- SOURCE DATA:

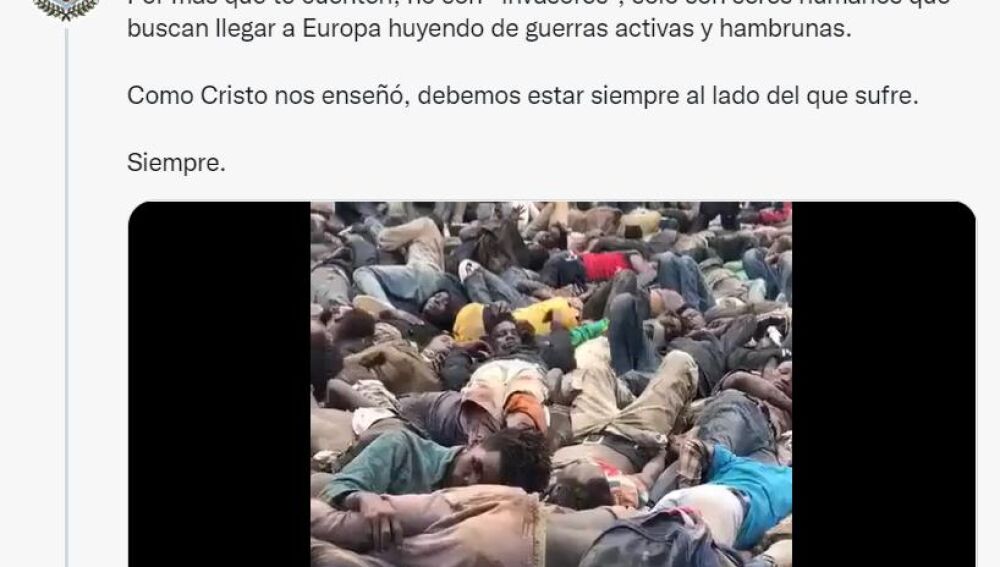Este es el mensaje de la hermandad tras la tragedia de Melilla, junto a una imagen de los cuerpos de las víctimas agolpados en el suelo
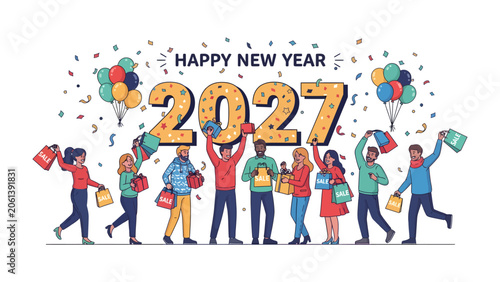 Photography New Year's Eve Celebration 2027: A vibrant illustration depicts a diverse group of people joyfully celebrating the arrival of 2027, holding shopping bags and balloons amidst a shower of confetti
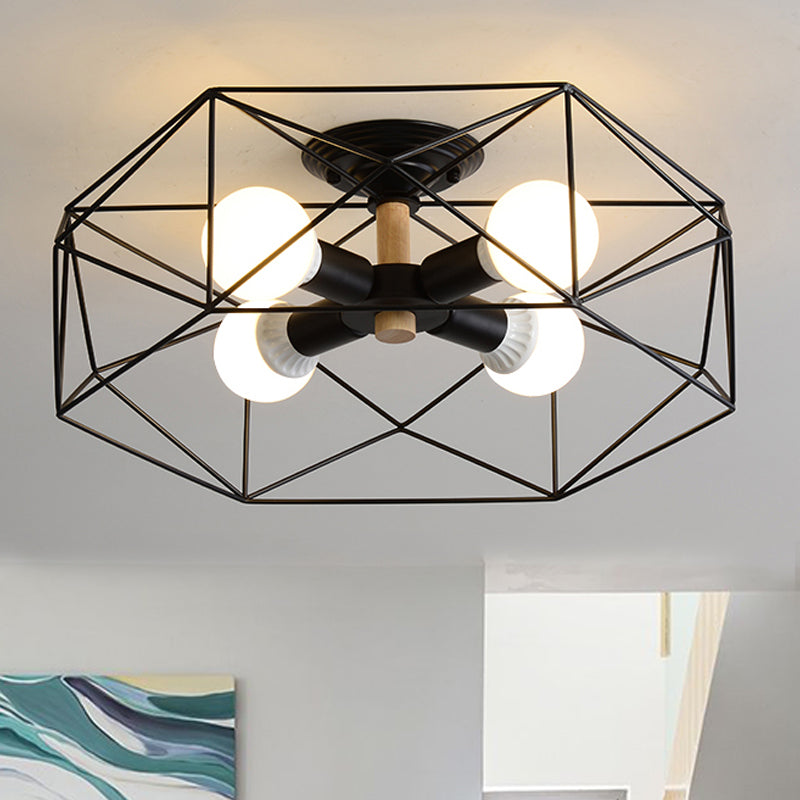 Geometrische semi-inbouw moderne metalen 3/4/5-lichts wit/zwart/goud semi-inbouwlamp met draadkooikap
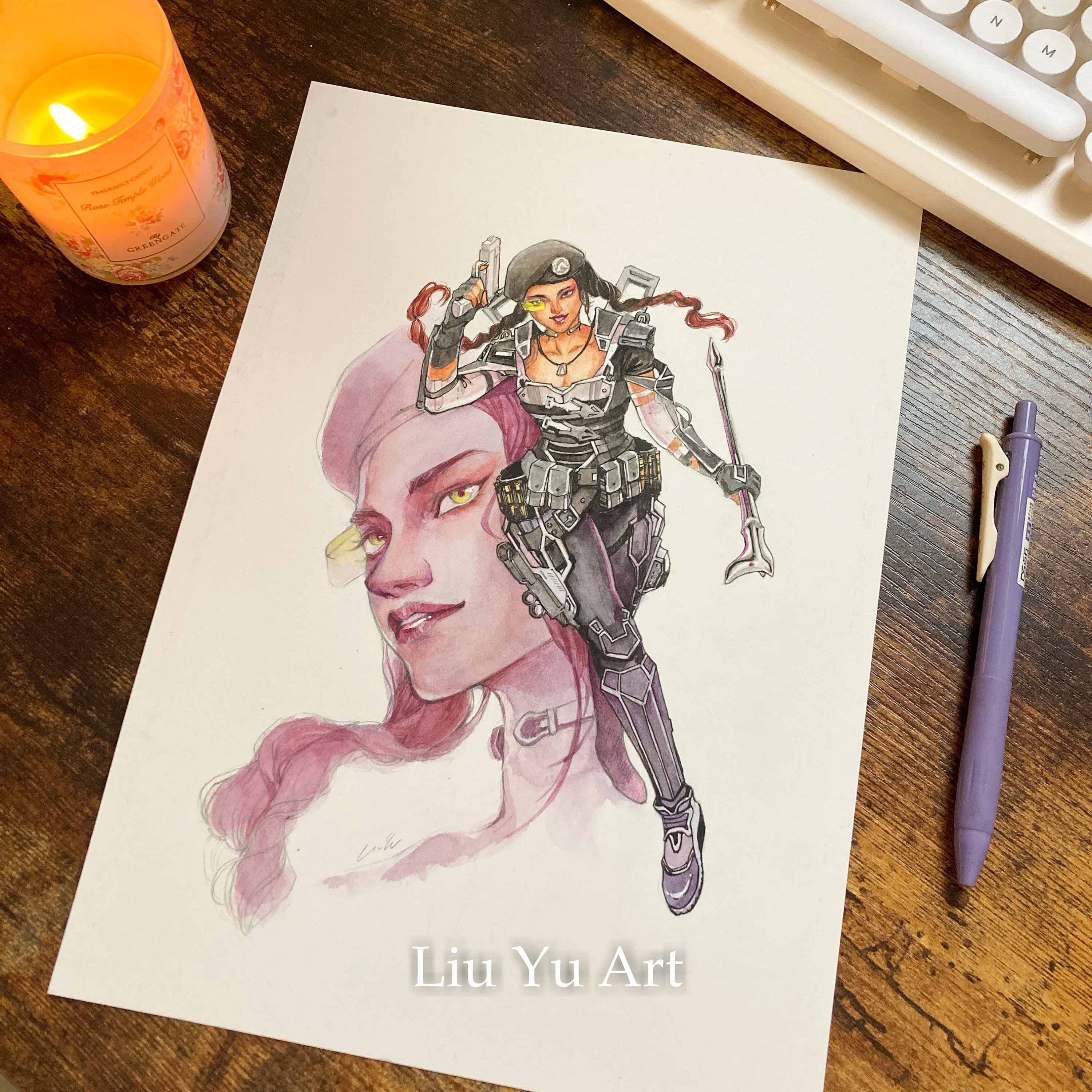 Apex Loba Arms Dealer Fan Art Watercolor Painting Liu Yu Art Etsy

- WHAT TO WORK ON: Your answer must be an exact copy of the lines from the line with "Geometrische semi-inbouw moderne" to the final line of the data, both ends included, and no pictures.

- WRITTEN RESPONSE:
 Geometrische semi-inbouw moderne metalen 3/4/5-lichts wit/zwart/goud semi-inbouwlamp met draadkooikap
 Apex Loba Arms Dealer Fan Art Watercolor Painting Liu Yu Art Etsy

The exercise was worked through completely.